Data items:
# # # #

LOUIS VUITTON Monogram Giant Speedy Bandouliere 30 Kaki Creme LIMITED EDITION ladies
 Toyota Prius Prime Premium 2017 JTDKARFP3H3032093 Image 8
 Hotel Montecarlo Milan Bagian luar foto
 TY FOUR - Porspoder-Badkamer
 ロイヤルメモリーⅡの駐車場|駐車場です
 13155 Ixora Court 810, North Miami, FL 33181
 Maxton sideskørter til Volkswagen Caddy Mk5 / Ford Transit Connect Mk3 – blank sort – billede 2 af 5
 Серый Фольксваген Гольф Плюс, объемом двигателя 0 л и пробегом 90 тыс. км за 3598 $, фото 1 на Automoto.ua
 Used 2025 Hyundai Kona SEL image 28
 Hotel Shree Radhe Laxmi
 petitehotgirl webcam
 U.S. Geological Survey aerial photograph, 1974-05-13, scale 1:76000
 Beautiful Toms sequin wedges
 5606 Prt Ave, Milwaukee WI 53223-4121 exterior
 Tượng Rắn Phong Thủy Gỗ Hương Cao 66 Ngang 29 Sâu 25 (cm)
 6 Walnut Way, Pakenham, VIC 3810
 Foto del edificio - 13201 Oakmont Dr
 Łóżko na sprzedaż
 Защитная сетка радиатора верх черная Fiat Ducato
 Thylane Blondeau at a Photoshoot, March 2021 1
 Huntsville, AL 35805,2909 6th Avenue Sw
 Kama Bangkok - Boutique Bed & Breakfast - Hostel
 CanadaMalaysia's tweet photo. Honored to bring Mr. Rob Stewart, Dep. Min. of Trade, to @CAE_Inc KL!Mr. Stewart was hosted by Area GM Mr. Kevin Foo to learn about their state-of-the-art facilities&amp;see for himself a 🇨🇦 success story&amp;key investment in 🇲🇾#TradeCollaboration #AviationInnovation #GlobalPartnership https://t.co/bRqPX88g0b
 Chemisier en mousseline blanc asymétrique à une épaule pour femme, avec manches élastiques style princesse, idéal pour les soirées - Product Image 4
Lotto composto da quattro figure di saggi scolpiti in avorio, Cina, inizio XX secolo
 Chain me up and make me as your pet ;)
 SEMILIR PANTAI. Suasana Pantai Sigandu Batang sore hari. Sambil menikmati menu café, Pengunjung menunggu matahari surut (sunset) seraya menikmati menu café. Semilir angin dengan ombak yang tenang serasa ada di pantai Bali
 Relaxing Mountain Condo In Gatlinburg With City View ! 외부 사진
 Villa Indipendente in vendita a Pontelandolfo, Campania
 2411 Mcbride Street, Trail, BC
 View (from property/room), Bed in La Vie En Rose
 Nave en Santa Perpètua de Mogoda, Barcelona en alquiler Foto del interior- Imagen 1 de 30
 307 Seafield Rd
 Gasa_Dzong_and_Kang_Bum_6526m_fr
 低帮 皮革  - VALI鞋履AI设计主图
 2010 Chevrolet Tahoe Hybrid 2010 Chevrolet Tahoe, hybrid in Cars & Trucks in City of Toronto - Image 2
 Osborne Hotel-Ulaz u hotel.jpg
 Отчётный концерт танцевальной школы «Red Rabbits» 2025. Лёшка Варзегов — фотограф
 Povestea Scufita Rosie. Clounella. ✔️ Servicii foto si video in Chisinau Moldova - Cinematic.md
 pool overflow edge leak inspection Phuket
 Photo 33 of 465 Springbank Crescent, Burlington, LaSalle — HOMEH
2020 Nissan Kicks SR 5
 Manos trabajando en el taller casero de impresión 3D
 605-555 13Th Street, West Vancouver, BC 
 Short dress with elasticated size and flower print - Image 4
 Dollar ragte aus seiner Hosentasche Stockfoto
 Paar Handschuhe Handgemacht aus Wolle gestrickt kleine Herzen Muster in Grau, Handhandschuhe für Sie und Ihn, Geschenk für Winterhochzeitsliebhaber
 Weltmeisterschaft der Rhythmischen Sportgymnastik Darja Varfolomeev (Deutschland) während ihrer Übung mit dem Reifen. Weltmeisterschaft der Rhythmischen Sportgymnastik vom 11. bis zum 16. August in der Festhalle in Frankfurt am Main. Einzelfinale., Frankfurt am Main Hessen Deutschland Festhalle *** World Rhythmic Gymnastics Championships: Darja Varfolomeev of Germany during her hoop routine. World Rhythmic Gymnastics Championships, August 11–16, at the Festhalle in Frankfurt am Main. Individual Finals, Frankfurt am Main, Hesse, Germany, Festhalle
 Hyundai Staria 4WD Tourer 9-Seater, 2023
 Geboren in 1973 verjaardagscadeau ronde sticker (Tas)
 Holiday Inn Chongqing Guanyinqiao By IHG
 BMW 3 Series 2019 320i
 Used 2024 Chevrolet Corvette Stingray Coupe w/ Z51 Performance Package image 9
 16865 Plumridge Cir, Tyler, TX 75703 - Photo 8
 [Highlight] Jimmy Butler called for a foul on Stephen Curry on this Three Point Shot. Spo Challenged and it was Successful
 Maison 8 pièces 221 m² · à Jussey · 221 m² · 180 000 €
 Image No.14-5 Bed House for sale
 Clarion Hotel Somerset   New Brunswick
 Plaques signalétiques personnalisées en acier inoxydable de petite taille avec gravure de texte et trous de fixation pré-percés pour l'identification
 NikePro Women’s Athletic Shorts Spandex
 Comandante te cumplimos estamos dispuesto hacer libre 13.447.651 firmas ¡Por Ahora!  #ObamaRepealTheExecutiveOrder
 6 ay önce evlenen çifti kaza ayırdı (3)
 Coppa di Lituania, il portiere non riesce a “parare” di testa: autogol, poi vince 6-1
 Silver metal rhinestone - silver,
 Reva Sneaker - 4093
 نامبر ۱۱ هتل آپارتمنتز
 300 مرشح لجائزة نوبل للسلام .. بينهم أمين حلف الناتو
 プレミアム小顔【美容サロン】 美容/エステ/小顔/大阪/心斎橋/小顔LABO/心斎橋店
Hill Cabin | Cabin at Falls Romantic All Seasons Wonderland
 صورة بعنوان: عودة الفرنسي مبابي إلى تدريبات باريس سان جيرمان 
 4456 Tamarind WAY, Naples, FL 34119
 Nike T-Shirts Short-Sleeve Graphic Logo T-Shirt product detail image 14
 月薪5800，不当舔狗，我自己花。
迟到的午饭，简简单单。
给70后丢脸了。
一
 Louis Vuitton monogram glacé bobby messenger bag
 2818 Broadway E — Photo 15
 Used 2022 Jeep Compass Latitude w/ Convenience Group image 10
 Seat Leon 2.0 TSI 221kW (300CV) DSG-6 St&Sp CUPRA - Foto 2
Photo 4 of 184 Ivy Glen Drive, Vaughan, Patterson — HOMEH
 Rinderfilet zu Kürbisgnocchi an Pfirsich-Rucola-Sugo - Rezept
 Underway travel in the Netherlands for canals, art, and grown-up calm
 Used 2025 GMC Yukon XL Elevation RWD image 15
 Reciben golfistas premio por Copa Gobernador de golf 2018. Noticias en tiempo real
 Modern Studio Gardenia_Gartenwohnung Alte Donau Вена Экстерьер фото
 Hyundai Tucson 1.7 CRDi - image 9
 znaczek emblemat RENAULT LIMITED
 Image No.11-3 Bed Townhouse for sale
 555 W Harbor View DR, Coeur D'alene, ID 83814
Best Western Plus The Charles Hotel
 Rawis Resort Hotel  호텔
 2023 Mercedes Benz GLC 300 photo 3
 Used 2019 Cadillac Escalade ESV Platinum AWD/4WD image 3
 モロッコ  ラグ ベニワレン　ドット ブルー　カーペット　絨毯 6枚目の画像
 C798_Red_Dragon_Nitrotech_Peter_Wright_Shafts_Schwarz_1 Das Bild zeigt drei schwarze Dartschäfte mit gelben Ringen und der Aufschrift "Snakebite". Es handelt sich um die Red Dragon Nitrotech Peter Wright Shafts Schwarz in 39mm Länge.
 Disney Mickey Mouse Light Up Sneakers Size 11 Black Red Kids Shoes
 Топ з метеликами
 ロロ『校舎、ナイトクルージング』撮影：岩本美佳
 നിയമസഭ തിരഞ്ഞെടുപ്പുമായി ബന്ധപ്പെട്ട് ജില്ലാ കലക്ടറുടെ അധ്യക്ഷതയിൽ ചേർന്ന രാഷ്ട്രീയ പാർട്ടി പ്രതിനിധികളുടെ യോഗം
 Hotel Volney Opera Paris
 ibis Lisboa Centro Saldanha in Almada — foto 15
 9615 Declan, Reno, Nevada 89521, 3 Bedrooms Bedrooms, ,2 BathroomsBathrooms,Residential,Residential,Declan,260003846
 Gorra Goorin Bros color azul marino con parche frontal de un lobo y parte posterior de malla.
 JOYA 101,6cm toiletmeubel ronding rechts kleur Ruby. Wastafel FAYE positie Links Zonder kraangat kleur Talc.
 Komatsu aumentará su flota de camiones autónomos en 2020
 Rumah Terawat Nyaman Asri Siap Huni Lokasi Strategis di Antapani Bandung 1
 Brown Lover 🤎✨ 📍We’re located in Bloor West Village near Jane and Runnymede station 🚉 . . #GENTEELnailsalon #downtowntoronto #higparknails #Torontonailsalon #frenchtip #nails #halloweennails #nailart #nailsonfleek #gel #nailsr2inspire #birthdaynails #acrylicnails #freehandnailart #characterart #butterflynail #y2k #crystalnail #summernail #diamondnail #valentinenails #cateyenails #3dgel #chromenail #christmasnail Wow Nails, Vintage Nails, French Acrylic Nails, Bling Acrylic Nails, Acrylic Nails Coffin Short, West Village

# # # #

- WHAT NEEDS TO BE DONE
What you return must be an exact retyping of the lines above starting at the line with "Защитная сетка радиатора" and ending at the line with "Chain me up and make me as your pet ;)", and nothing besides.

- ANSWER TO THE PROBLEM
 Защитная сетка радиатора верх черная Fiat Ducato
 Thylane Blondeau at a Photoshoot, March 2021 1
 Huntsville, AL 35805,2909 6th Avenue Sw
 Kama Bangkok - Boutique Bed & Breakfast - Hostel
 CanadaMalaysia's tweet photo. Honored to bring Mr. Rob Stewart, Dep. Min. of Trade, to @CAE_Inc KL!Mr. Stewart was hosted by Area GM Mr. Kevin Foo to learn about their state-of-the-art facilities&amp;see for himself a 🇨🇦 success story&amp;key investment in 🇲🇾#TradeCollaboration #AviationInnovation #GlobalPartnership https://t.co/bRqPX88g0b
 Chemisier en mousseline blanc asymétrique à une épaule pour femme, avec manches élastiques style princesse, idéal pour les soirées - Product Image 4
Lotto composto da quattro figure di saggi scolpiti in avorio, Cina, inizio XX secolo
 Chain me up and make me as your pet ;)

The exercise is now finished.